Convex functions

Suppose \(x∈Ω\) satisfies

\(\hspace{4cm}∇f(x)^{T}(y-x)≥0,∀y∈Ω\)........................\((8)\).

By the first order characterization of convexity, we have

\(\hspace{3,5cm}f(y)≥f(x)+∇f^{T}(x)(y-x),∀y∈Ω.\).................\((9)\)

Then \((8)\)+\((9)\) \(⇒ f(y)≥f(x),∀y∈Ω⇒ x \) is optimal.

Suppose x is optimal but for some \( y∈Ω\) we had \(∇f^{T}(x)(y-x)<0\)
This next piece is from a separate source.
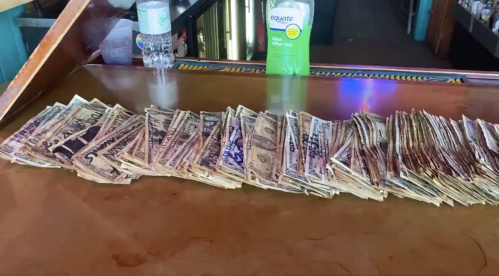 A long row of cash bills laid out on a wooden bar counter, with a bottle of sunscreen and water in the background.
Consider \(g(α):=f(x+(α(y-x)))\). Because \(Ω\) is convex, \(∀α∈[0,1],x+α(y-x)∈Ω.\) Observe that

\(\hspace{1cm}g′(α) = (y-x)^{T}∇f(x+α(y-x))⇒ g′(0)=(y-x)^{T}∇f(x)<0.\)

This implies that

\(\hspace{1cm}∃δ > 0,s.t.g(α)<g(0),∀α∈(0,δ)⇒ f(x+α(y-x))<f(x),∀α∈(0,δ)\)

But this contradicts the optimality of \(x\).